Note that the creation of the LuGre friction is done by calling one single line:

model.lugre = LuGre (joint=joint)

All you need to do is pass the Translational Joint, joint, to the LuGre class instantiation.

All of the properties that are used in the calculation of the Friction Force default to the values defined in the class interface. You can, of course, pass different values to the LuGre class but for now, you will use default values.

Test the model and plot some results.
1. Create a model by calling the following function:
```
model = sliding_block ()
```
2. Run a 4 second simulation and store the results of the run in an appropriate container:
```
run = model.simulate (type="DYNAMICS", returnResults=True, end=4, dtout=.01)
```
Now that you have a run container with a series of requests, you can selectively plot some of the relevant channels, such as the magnitude of the friction force, the block velocity,and its displacement as a function of time.

Import a plotting package:

# this line causes the plots to be inlined on this web page
%matplotlib inline
import matplotlib.pyplot as plt

Then, extract some of the data to plot.

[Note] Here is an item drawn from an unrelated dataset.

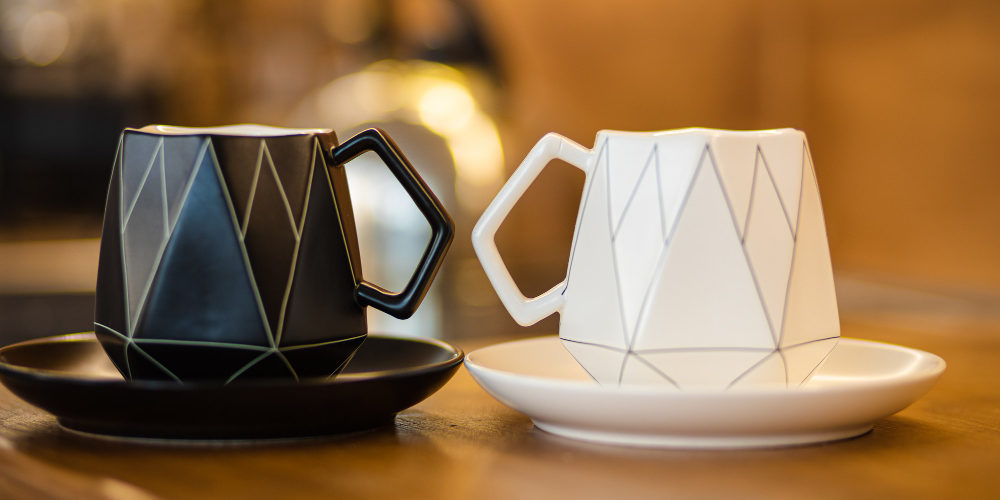 Modne kubki do kawy i herbaty w różnych kolorach i stylach, ustawione na stole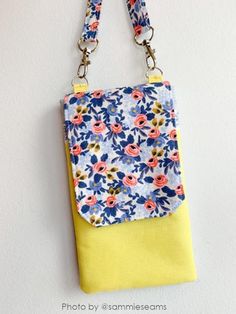 a purse hanging on the wall with a flowered fabric and yellow strap around it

At this point, you can create a plot object and display three separate curves.

The friction force.
The velocity of the block.
The block displacement.

def plot(model):# get the channels from the model...
  disp = run.getObject (model.r1)
  velo = run.getObject (model.r3)
  force = run.getObject (model.r2)
  
plt.subplot(3, 1, 1)
  plt.plot(force.times, force.getComponent (3))
  plt.title('Friction force')
  plt.ylabel('force [N]')
  
plt.subplot(3, 1, 2)
  plt.plot(velo.times, velo.getComponent (3),'r')
  plt.title('Block Velocity')
  plt.ylabel('velocity [m/s]')
  plt.subplot(3, 1, 3)
  plt.plot(disp.times, disp.getComponent (3),'g')
  plt.title('Block Displacement')
  plt.xlabel('time (s)')
  plt.ylabel('travel [m]')

  plt.grid(True)
  plt.tight_layout()

# Show the plot
  plt.show()

In [7]: plot(model)

To increase the friction static coefficient, set the LuGre $μ_{s t a t i c}$ to a different value and continue the simulation for an additional four seconds.
```
In [8]:  model.lugre.mus= 0.4
run = model.simulate (type="DYNAMICS", returnResults=True, duration=4, dtout=.01)

# replot the quantities and observe the changes to the Friction Force
plot(model)
```
Figure 4.

With the increased $μ_{s}$ , you can see that the forcing function cannot overcome the bristle resistance and the block is not able to move.